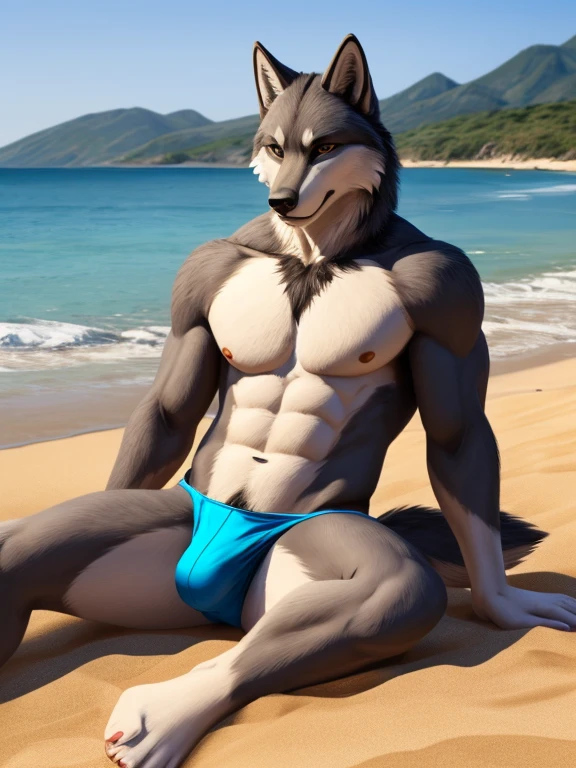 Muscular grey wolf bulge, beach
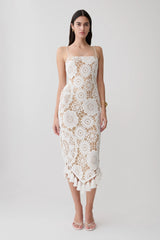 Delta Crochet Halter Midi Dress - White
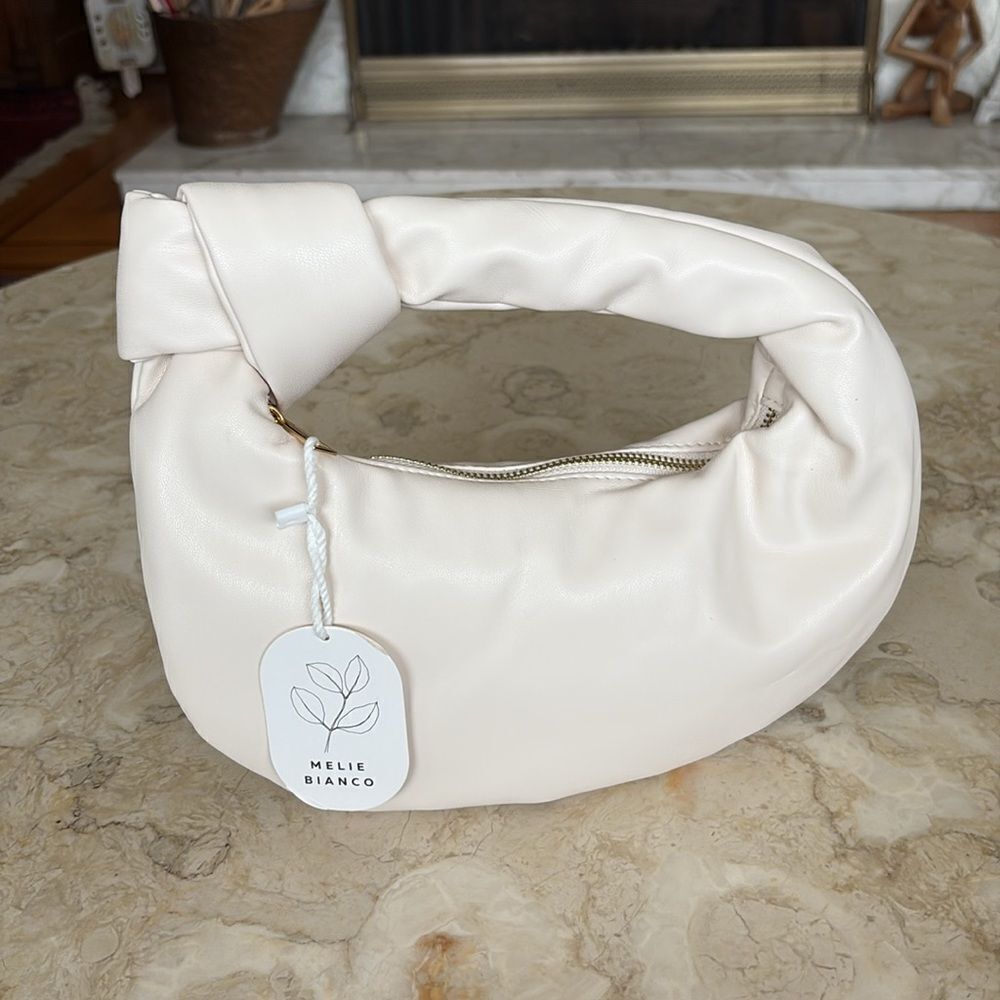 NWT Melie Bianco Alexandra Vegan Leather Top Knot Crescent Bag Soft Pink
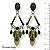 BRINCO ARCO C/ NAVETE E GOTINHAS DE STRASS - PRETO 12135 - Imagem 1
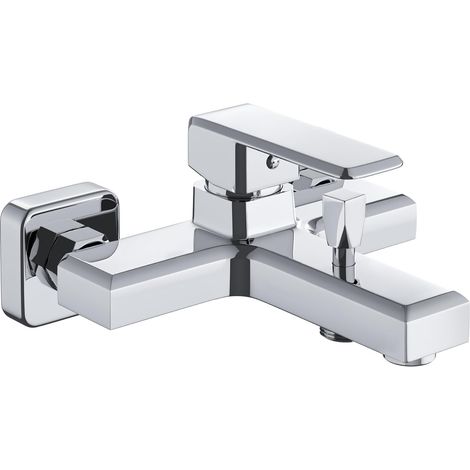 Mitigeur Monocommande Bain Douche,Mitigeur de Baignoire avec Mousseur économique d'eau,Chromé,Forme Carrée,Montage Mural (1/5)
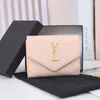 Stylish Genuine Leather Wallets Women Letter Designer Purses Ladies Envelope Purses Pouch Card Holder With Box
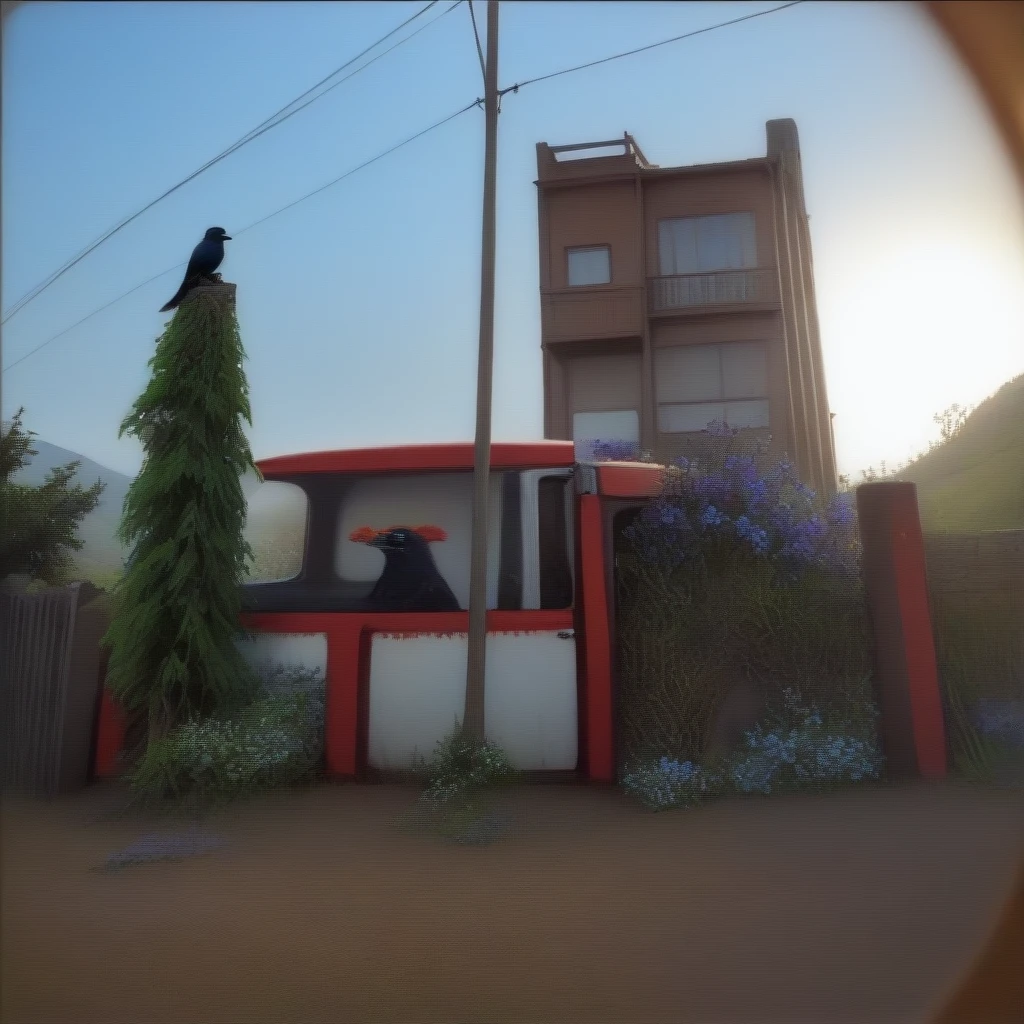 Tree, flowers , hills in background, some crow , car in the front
####
All of the material should be written out again exactly, apart from the pictures.

 Muscular grey wolf bulge, beach
 Delta Crochet Halter Midi Dress - White
 NWT Melie Bianco Alexandra Vegan Leather Top Knot Crescent Bag Soft Pink
 BRINCO ARCO C/ NAVETE E GOTINHAS DE STRASS - PRETO 12135 - Imagem 1
 Mitigeur Monocommande Bain Douche,Mitigeur de Baignoire avec Mousseur économique d'eau,Chromé,Forme Carrée,Montage Mural (1/5)
 Stylish Genuine Leather Wallets Women Letter Designer Purses Ladies Envelope Purses Pouch Card Holder With Box
 Tree, flowers , hills in background, some crow , car in the front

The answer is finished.